This week, President Trump released a proposed budget that, if enacted, would sharply reduce global and domestic spending for HIV care and prevention. It would also reduce access to Medicaid, and move categories of healthcare spending, such as federal investment in community healthcare centers, from mandatory to discretionary spending.
The budget would eliminate AIDS Education and Training Centers (AETCs) and Special Projects of National Significance (SPNS), which are run under the auspices of the Ryan White HIV/AIDS Program. The education centers and special projects program assists with rapid response to outbreaks of disease. When nearly 200 people were diagnosed with HIV in rural Scott County, Indiana over a 15-month period in 2014-15, the Midwest AIDS Education and Training Centers provided in-depth training to doctors and care providers in the area and helped get those newly diagnosed with HIV into immediate care.
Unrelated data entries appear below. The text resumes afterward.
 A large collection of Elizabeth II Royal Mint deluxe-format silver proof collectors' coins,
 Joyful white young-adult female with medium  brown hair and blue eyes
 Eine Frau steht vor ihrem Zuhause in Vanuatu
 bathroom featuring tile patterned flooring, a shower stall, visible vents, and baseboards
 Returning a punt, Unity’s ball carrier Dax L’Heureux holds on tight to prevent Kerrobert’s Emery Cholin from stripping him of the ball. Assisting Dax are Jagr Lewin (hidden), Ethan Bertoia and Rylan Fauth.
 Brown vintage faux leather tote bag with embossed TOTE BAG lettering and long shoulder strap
The education centers and special projects program are also central to pioneering and evaluating innovative HIV care models that improve access to and retention in care for vulnerable populations disproportionately burdened by HIV, such as gay men and transgender women, particularly gay men and transgender women of color.
“The proposed cuts in domestic HIV prevention and treatment would undermine the dramatic progress seen since the implementation of the National HIV/AIDS Strategy,” said Sean Cahill, Director of Health Policy Research. “We urge Congress to reject these proposed cuts and maintain the bipartisan support that HIV prevention and treatment have traditionally received.”
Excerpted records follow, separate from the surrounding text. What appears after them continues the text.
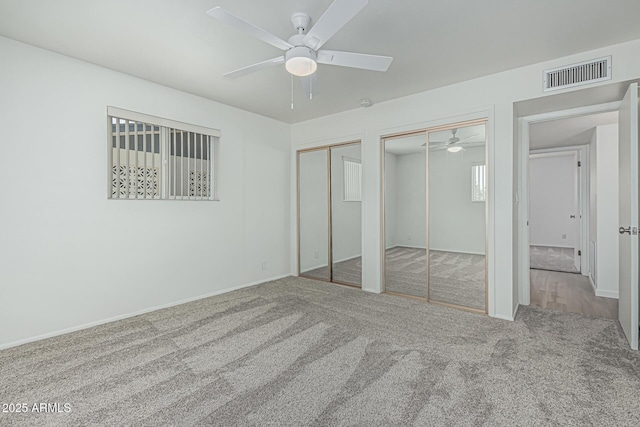 6051 E Ensenada St, Mesa, AZ 85205 - unfurnished bedroom with two closets, carpet flooring, baseboards, and a ceiling fan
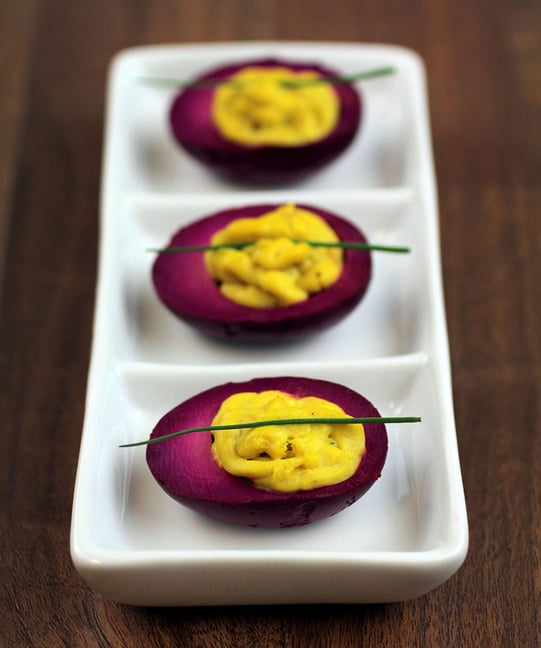 Magenta pickled curry deviled eggs on a white plate on wooden table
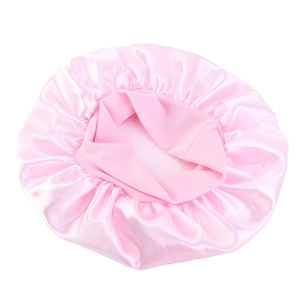 Detail of pink satin sleep bonnet featuring a wide elastic band and smooth texture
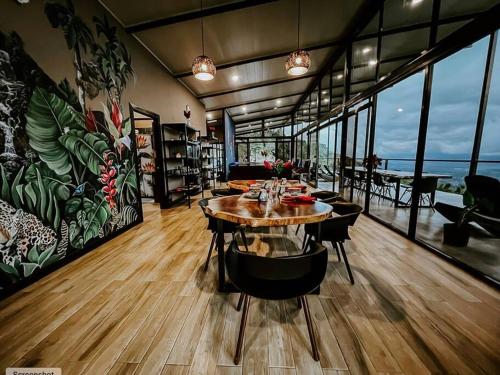 a dining room with a table and chairs and a mural at Private Costa Rica Mountain House Pool & Stunning Views in Turrialba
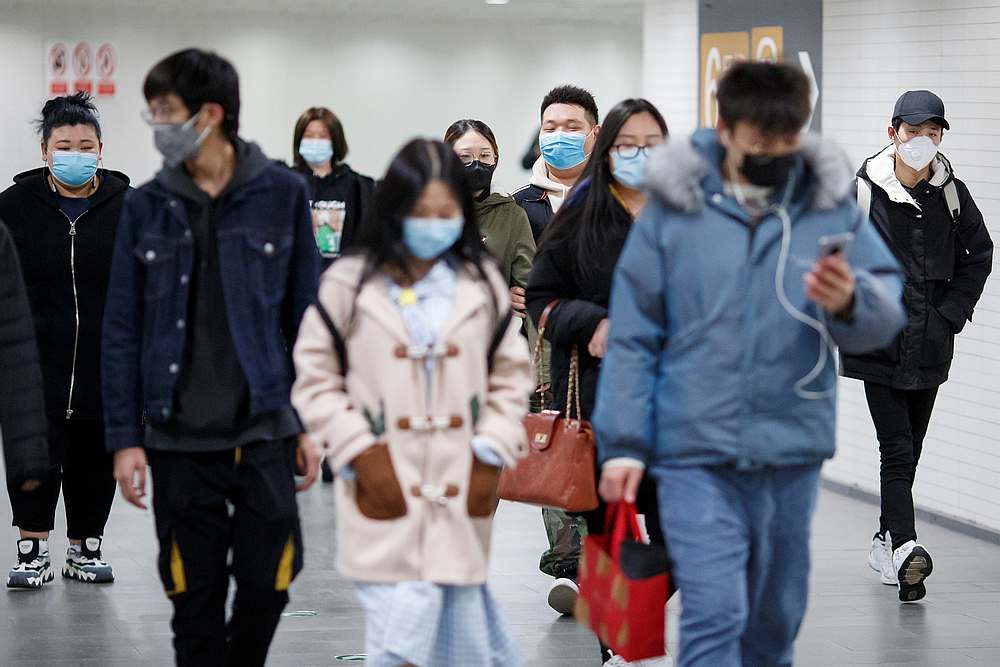 People wear protective masks in a subway tunnel during evening rush hour in Beijing, China March 10, 2020. u00e2u20acu201d Reuters pic 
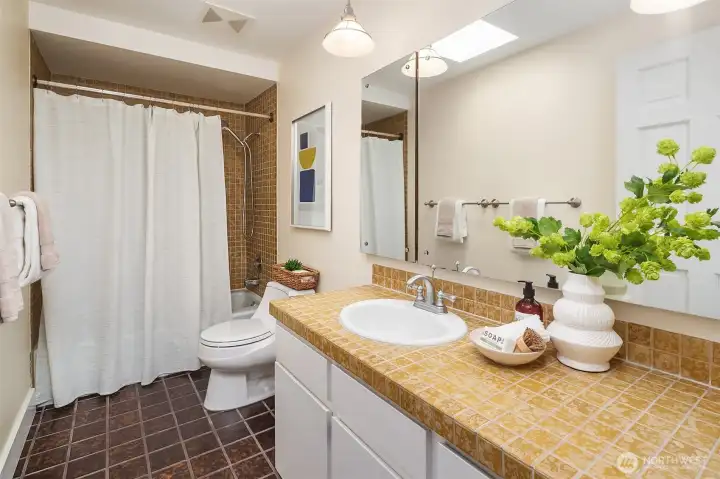 Full bath shared by 2 bedrooms on the main floor with skylights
In addition to the eliminate of the education centers and special projects program, the Trump budget proposes steep cuts in funding ($35 million) for domestic HIV/AIDS research and prevention efforts run by the U.S. Centers for Disease Control and Prevention (CDC). Although rates of new HIV infections have dropped by 20 percent overall in the past decade, they have increased sharply among Black gay and bisexual men, Black transgender women, and the general population of gay and bisexual men and transgender women.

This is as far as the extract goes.